Your goal:
In the listing below, the answer starts at the line that has "GA license plate CBX1217" and stops after the line that has "Cool Capybara Neon"; please repeat that part exactly and nothing more.

Dataset excerpts:
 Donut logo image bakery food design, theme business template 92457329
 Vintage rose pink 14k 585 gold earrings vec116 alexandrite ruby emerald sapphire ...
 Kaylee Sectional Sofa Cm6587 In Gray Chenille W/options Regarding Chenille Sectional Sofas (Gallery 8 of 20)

---

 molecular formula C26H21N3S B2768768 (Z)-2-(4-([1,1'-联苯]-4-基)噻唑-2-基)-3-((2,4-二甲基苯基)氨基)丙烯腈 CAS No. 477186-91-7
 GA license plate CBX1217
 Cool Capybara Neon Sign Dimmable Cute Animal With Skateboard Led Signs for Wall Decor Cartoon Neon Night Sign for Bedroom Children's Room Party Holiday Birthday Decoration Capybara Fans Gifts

Reply:
 GA license plate CBX1217
 Cool Capybara Neon Sign Dimmable Cute Animal With Skateboard Led Signs for Wall Decor Cartoon Neon Night Sign for Bedroom Children's Room Party Holiday Birthday Decoration Capybara Fans Gifts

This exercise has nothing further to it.